In tema di reati tributari, il reato di distruzione od occultamento di documenti contabili non è configurabile quando il risultato economico delle operazioni prive della documentazione obbligatoria, può essere ugualmente accertato in base ad altra documentazione conservata dall'imprenditore. Manca in tal caso, difatti, la necessaria offensività della condotta.
A chiarirlo la Corte di Cassazione, terza sezione penale, accogliendo il ricorso di un soggetto, condannato a sei mesi di reclusione per reato di occultamento e distruzione di documenti contabili ex art. 10 D.Lgs. n. 74/2000.
Avverso la propria condanna, l’imputato lamentava l’erronea applicazione della fattispecie contestata, nonché l’insussistenza dell’elemento soggettivo del reato.
Ricorso accolto dalla Corte Suprema, secondo cui – con sentenza n. 22126 dell’8 maggio 2017 - il reato in oggetto è caratterizzato dal dolo specifico (“al fine di evadere le imposte”). Sicchè la motivazione dei giudici di merito avrebbe dovuto adeguatamente dar conto – ma non lo ha fatto – dell’accertamento in concreto dell’elemento soggettivo del reato, consistente nel dolo specifico di evasione.

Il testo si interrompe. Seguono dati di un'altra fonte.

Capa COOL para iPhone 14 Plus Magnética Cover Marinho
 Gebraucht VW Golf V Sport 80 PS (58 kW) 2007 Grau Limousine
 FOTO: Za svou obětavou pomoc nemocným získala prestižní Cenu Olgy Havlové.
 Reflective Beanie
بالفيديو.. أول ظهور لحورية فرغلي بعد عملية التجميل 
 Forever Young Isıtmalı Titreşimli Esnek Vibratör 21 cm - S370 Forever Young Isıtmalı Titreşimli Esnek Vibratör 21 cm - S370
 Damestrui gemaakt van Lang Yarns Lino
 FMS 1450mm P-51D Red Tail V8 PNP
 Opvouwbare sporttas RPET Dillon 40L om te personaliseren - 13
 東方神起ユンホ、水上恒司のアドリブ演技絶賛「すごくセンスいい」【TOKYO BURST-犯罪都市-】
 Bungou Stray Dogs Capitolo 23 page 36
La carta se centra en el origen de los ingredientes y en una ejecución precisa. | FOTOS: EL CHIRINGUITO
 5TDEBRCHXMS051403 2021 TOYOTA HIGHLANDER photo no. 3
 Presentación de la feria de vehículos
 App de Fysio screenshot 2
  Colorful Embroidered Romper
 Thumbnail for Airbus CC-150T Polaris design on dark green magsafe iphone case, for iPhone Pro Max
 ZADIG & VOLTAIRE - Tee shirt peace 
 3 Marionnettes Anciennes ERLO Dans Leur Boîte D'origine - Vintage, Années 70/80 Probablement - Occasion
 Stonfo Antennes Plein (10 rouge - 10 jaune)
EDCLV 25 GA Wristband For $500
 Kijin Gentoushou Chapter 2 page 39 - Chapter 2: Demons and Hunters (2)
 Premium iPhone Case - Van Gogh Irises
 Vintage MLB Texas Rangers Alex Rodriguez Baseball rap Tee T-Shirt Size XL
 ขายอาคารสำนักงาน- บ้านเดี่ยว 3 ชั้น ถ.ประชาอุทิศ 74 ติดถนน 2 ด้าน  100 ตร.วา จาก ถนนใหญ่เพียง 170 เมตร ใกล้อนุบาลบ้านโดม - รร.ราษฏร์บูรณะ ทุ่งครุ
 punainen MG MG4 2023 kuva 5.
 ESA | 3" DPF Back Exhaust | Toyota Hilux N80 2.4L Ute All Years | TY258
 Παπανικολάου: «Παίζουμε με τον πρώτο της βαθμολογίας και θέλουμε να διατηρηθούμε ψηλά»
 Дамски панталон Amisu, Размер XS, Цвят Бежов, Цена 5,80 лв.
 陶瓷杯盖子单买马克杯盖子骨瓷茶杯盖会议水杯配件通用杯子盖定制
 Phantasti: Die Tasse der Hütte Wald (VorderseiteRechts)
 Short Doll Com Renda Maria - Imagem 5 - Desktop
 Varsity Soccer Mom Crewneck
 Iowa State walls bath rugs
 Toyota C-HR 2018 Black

Oltretutto, al di là di questo, ciò che nella specie difetta è lo stesso elemento costitutivo del reato, essendo agevolmente ricostruibile, sulla base degli altri documenti rinvenuti, il reddito complessivo percepito dall’imputata. E ciò, stante la peculiarità della situazione, caratterizzata da un limitato volume d’affari, nonché da fatture d’importo omogeneo tra di loro (sicché dalle fatture presenti, sarebbe stato ben possibile ricostruire il valore di quelle mancanti).